Die konservativen Stadtoberen und die sächsische Justiz sehen das Bündnis nicht gerne. Blockaden von Naziaufzügen werden bekämpft und man macht alles, um die Aktionen des Bündnisses Dresden Nazifrei zu behindern oder, noch besser, zu verhindern. So wird regelmäßig von der Stadt die Anmeldung der Nazidemo und deren Routenverlauf geheim gehalten. Stattdessen setzt man eine Menschenkette um die Altstadt der Blockade entgegen. Die OB Helma Orosz versteifte sich vor einigen Jahren zu der lächerlichen Behauptung, die Menschenkette hätte die Nazis von ihrem Aufmarsch abgehalten. Dabei war es unübersehbar, dass es die tausenden blockierenden Demonstranten waren, die den Marsch der Nazis unmöglich machten.

An diesem 13. und 14. Februar jährte sich die Bombardierung Dresdens zum 70sten Mal. Es war deshalb mit besonders vielen braunen Aktivitäten zu rechnen. Doch die Nazis blieben erst einmal passiv. An den eigentlichen Jahrestagen geschah von ihrer Seite gar nichts.

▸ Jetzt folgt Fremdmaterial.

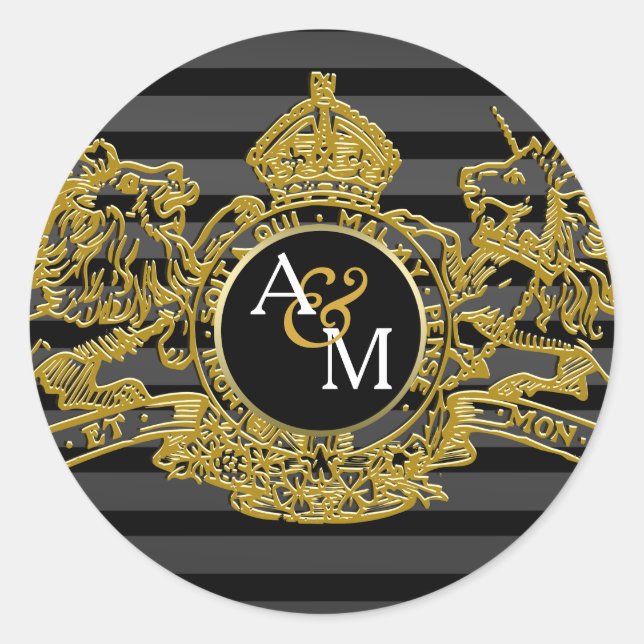 Black Gold Lion Unicorn Regal Emblem Monogram Classic Round Sticker (Front)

Offensichtlich trauten sie sich nicht am eigentlichen Termin der Bombardierung Dresdens aufzumarschieren. Der Grund: in den zurückliegenden Jahren hatten sie immer wieder negative Erfahrungen mit den Gegendemonstranten gemacht, die sie nicht marschieren ließen.

So wäre es für die Nazis auch in diesem Jahr wieder zu einer Niederlage gekommen. Um das zu vermeiden, gaben sie ihre Aufmarschabsicht und den Termin der Öffentlichkeit bis zuletzt nicht bekannt (der Termin muss bekannt gewesen sein, aber die Stadt hielt ihn offensichtlich geheim). Dann aber kam für die Öffentlichkeit die Überraschung. Die Nazis hatten den Aufmarsch auf den 15. Februar verlegt. So gelang es ihnen in diesem Jahr mit 500 Personen durch Dresdens Straßen zu ziehen. Eine ausreichende Gegenmobilisierung war kurzfristig für Dresden Nazifrei nicht mehr möglich. Trotzdem war es für die Nazis kein Sieg. Sie marschierten zwar, aber nur weil sie tricksten! Und sie marschierten nicht an diesem 70. Jahrestag!

Nicht die Nazis - die Antifa wird in Dresden bekämpft.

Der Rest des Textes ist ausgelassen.